The following versions are supported and work as we test against these versions in their respective branches. But note that other versions might work!
| kube-prometheus stack | Kubernetes 1.14 | Kubernetes 1.15 | Kubernetes 1.16 | Kubernetes 1.17 | Kubernetes 1.18 | Kubernetes 1.19 |
|-----------------------|-----------------|-----------------|-----------------|-----------------|-----------------|-----------------|
| `release-0.3` | ✔ | ✔ | ✔ | ✔ | ✗ | ✗ |
| `release-0.4` | ✗ | ✗ | ✔ (v1.16.5+) | ✔ | ✗ | ✗ |
| `release-0.5` | ✗ | ✗ | ✗ | ✗ | ✔ | ✗ |
| `release-0.6` | ✗ | ✗ | ✗ | ✗ | ✔ | ✔ |
| `HEAD` | ✗ | ✗ | ✗ | ✗ | ✔ | ✗ |
Note: Due to [two](https://github.com/kubernetes/kubernetes/issues/83778) [bugs](https://github.com/kubernetes/kubernetes/issues/86359) in Kubernetes v1.16.1, and prior to Kubernetes v1.16.5 the kube-prometheus release-0.4 branch only supports v1.16.5 and higher. The `extension-apiserver-authentication-reader` role in the kube-system namespace can be manually edited to include list and watch permissions in order to workaround the second issue with Kubernetes v1.16.2 through v1.16.4.
## Quickstart
>Note: For versions before Kubernetes v1.14.0 use the release-0.1 branch instead of master.

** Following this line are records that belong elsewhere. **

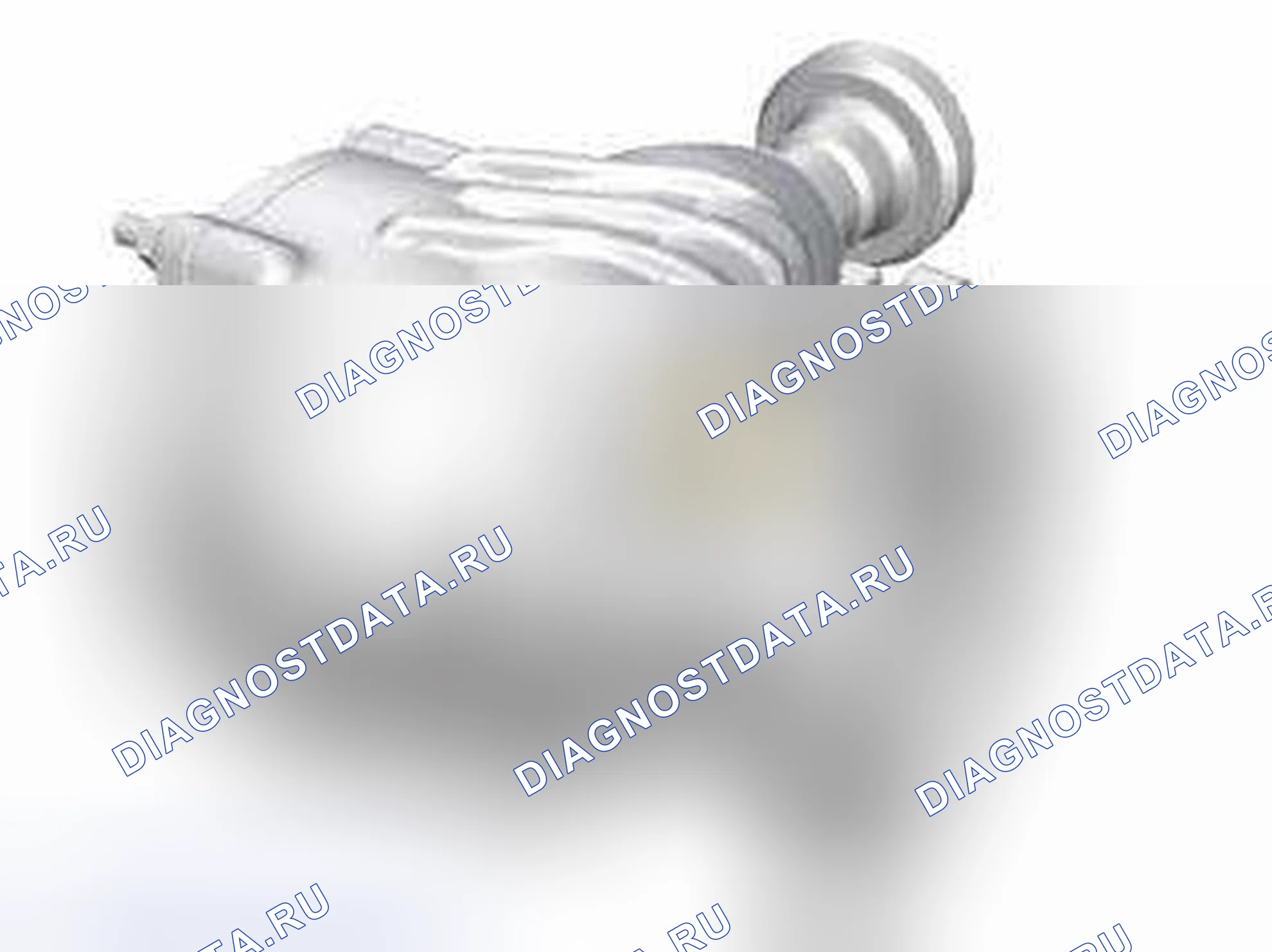 Рис. 121: ДЕМОНТАЖ. Volvo S80 II рестайлинг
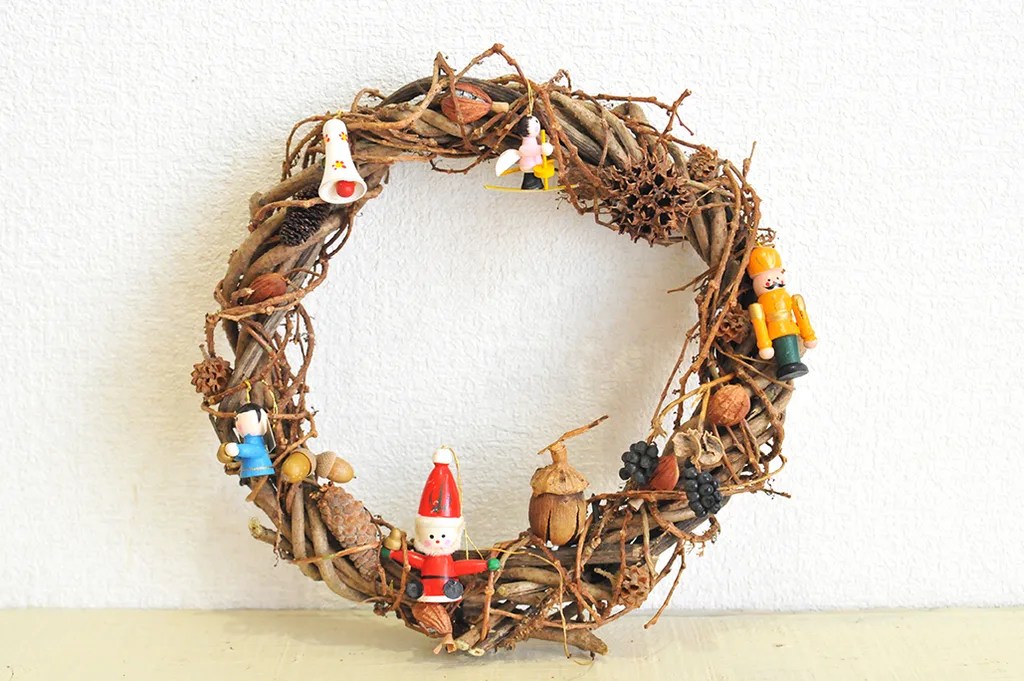 動画で作り方紹介！クリスマスリース布育普及協会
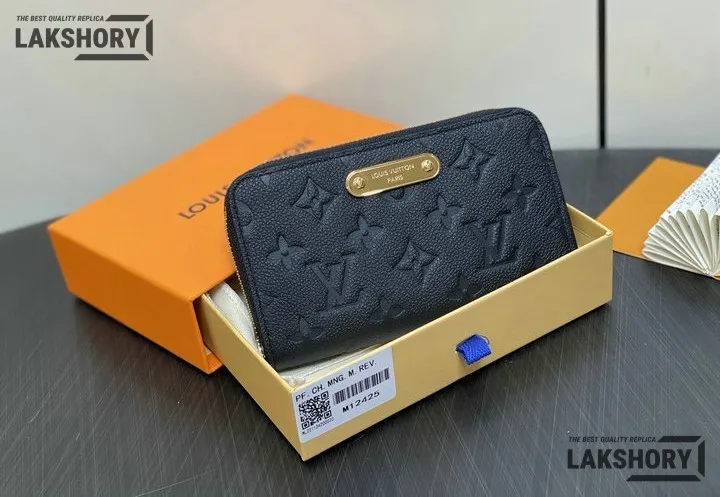 Louis Vuitton 1:1 Mirror Replica Margot Wallet Monogram Empreinte 17CM/6.7IN Louis Vuitton Replica Wallets Louis Vuitton 1:1 Mirror Replica Margot Wallet Monogram Empreinte 17CM/6.7IN Louis Vuitton Replica Wallets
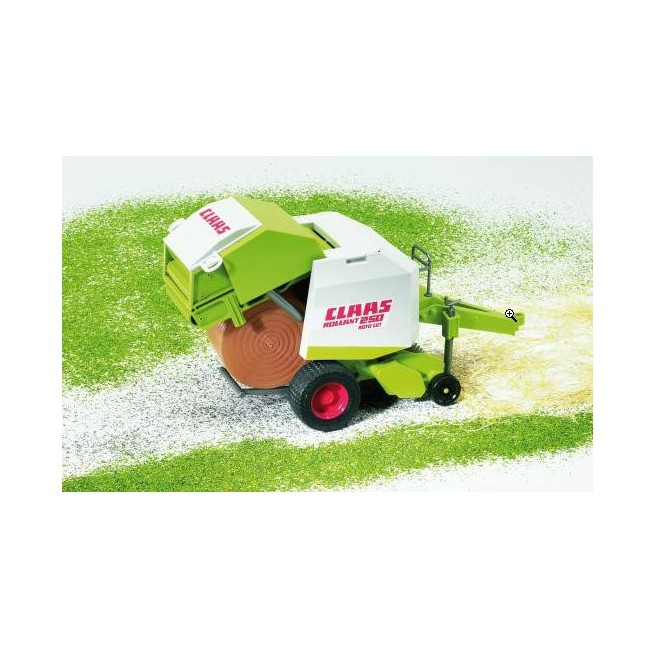 Bruder 02121 Prasa zwijająca do słomy Claas Rollant 250 Bruder 02121 Prasa zwijająca do słomy Claas Rollant 250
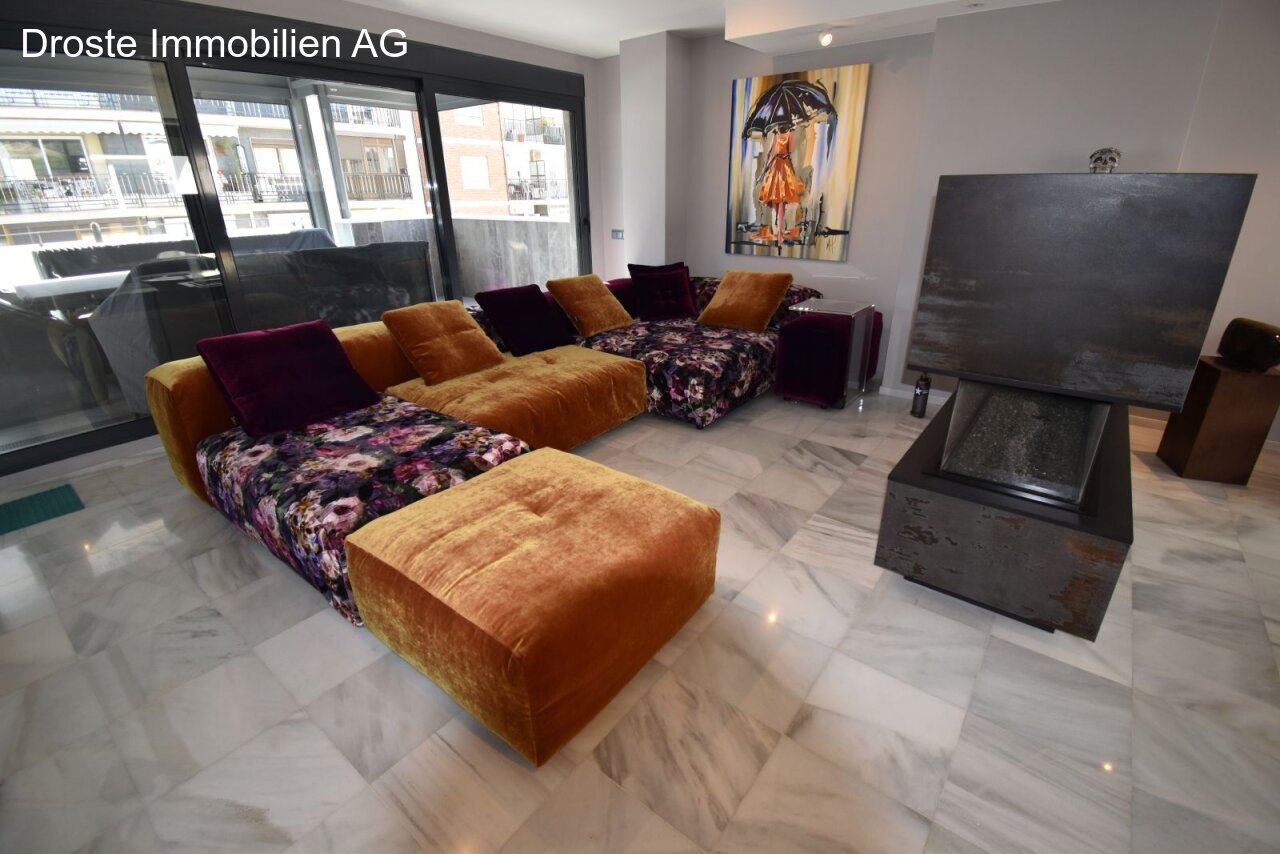 Wohnzimmer im 6.OG Wohnzimmer im 6.OG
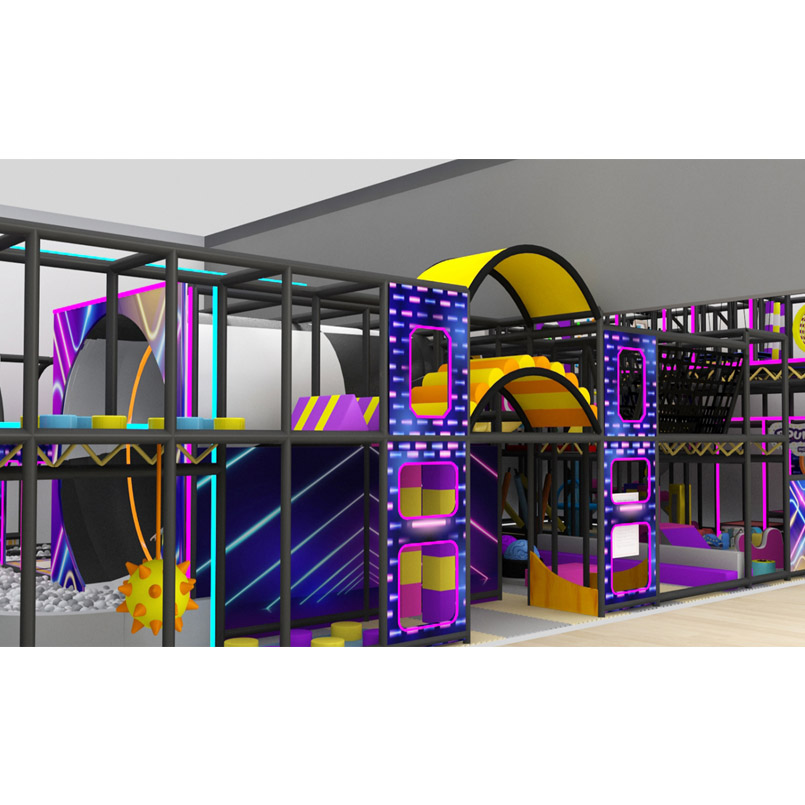 TUV Certified China Manufacturer Indoor Playground Equipment 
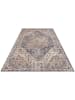 Hanse Home Laagpolig tapijt "Sand" crème/blauw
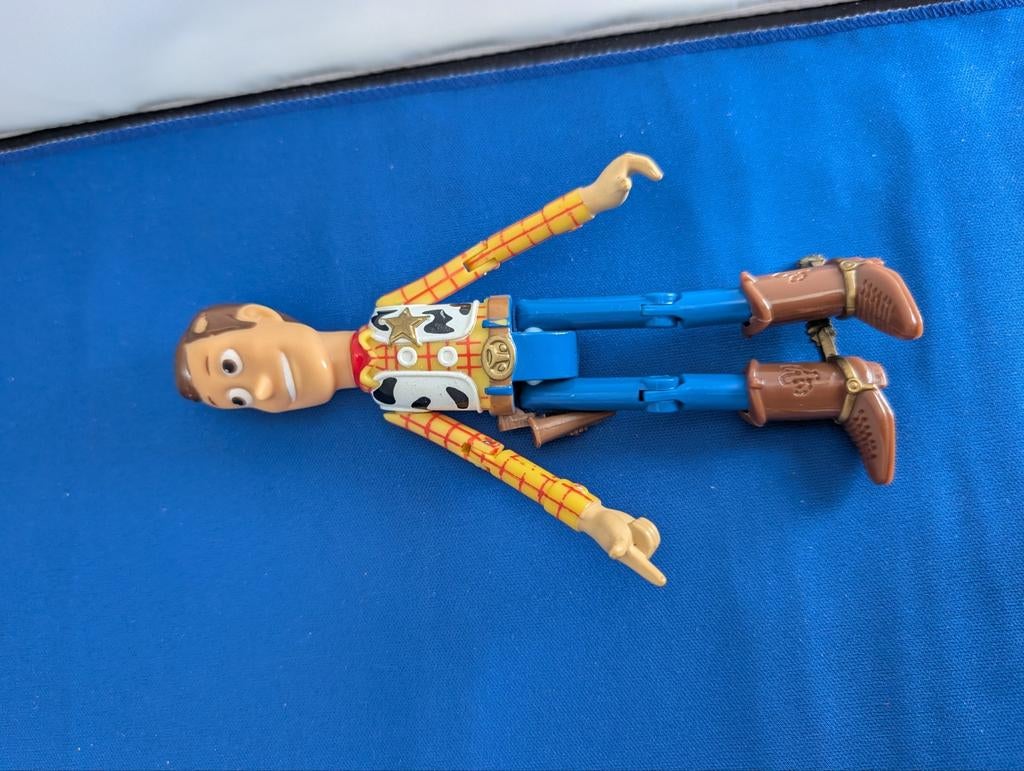 Woody actiefiguur - Toy Story, Ophalen of Verzenden, Jongen of Meisje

>Note: For versions before Kubernetes v1.18.z refer to the [Kubernetes compatibility matrix](#kubernetes-compatibility-matrix) in order to choose a compatible branch.
This project is intended to be used as a library (i.e. the intent is not for you to create your own modified copy of this repository).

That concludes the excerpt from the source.